According to a widespread contemporary medical discourse, intersex people’s well-being is threatened by their own bodily features, which must be ‘corrected’ through emergency surgical measures. Yet intersex people and activists have abundantly documented how these measures enact precisely the suffering that they were framed as countering. This article asks how the presence of such exceptionalist security logic in mundane hospital settings highlights particular intersections of security, bodies and materiality in Western modernity. It puts 17th-century philosopher Thomas Hobbes in dialogue with 20th-century sexologist John Money, and shows how both struggled to construct social order in spite of the disorderly materiality of human bodies. Hobbes ‘invented’ a universal abstracted body, a machine in which matter is subsumed to the fiction of a social will. As science provided mechanistic understandings of sex, race and deviance, the messy materiality of concrete bodies eventually failed to substantiate a biological grounding for the sex binary. Money then ‘invented’ the concept of gender – a social category to which physiological sex is subservient, which feminists later borrowed – to justify violent interventions that physically cut that disorderly materiality out of intersex people’s bodies.

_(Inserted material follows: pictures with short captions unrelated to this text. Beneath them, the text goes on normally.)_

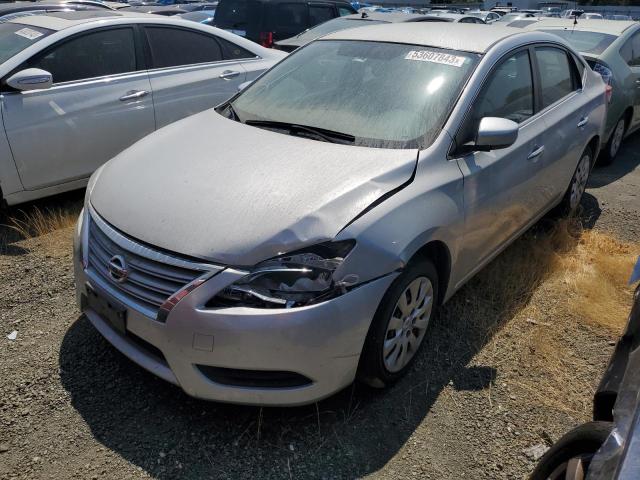 Photo 1 from auction – 2014 NISSAN SENTRA S with VIN 1N4AB7AP3EN855343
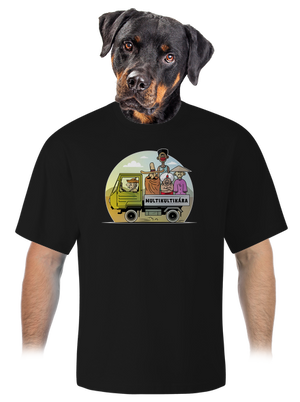 unisex tričko oversized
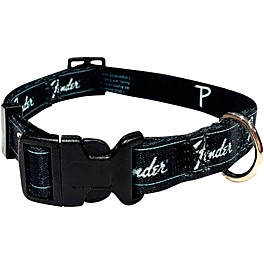 Fender Dog Collar Black/White Small Fender Dog Collar Black/White Medium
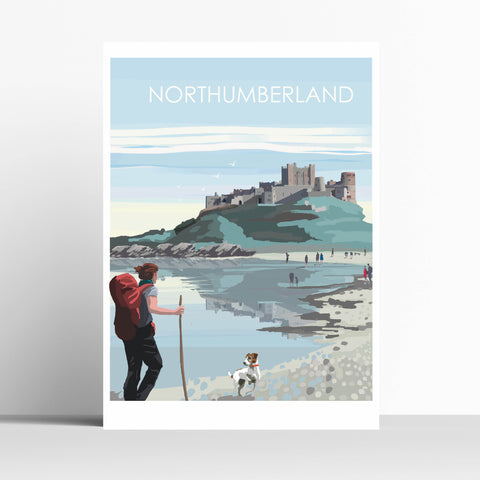 Walking in Northumbria Travel Print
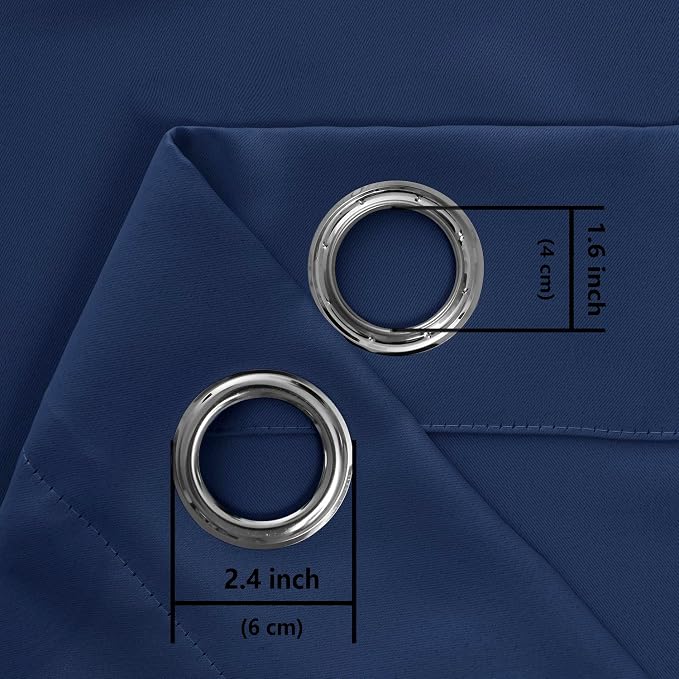 RV Blackout Curtains for Bedroom, 52 x 30 Inches Long Navy 2 Panels | Thermal - Image 7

How intelligence tales are made real: Le Bureau des légendes as a cover story for the French DGSE (2023)
Co-authored with Joakim Brattvoll in Intelligence and National Security, volume 38, issue 7, 2023, pages 1112–1126.
The French spy series Le Bureau des légendes (2015–2020) has been acclaimed for its allegedly realistic depiction of French foreign intelligence. Drawing on the concept of ‘legend’, this article adapts actor-network theory to understand how Le Bureau was able to make a significant impact on public discussions of secret intelligence in France. The article shows how the series was constituted as a ‘virtually true’ cover story for the Direction générale de la sécurité extérieure (DGSE), which supported the series’ production, and how this story impacted the DGSE itself.

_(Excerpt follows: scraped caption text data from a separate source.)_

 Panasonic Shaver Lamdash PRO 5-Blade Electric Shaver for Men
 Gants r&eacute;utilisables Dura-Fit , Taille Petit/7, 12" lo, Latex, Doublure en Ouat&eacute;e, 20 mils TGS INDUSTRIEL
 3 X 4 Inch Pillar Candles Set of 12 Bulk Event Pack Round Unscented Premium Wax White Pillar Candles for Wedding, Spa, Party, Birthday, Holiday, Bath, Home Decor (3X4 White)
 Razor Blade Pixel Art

The limits of imagination: Securitisation and exceptionalism in the World of Warcraft video game (2022)
Article in European Journal of International Security, volume 7, issue 2, 2022, pages 207-225.
Securitisation theory has too often been associated with the liberal state of exception and its problematic baggage. The Copenhagen School’s early claims to deconstruct (not reproduce) the national security logic seem overlooked. Using the fantasy video game World of Warcraft as a large-scale thought experiment, this article asks how a distinct security mode is still possible when the normalisation of armed violence exceeds even what Carl Schmitt’s political theory can provide for. Following a careful reading of Ole Wæver’s formulation of the ‘existential threat’, securitisation asserts that without a certain referent object, the world becomes meaningless. As a tool for reshaping the limits of imagination, securitisation enacts political communities in World of Warcraft by turning upside down common wisdom about normalcy and security. While normal politics are violently conflictual, securitisation fills in the role of international norms and organisation, fostering supranational cooperation and erasing sovereign disputes. Securitisation thus far exceeds its contingent incarnation in the modern concept of security – a conclusion that has consequences for the normative debate on securitisation and for non-Western interpretations of the theory.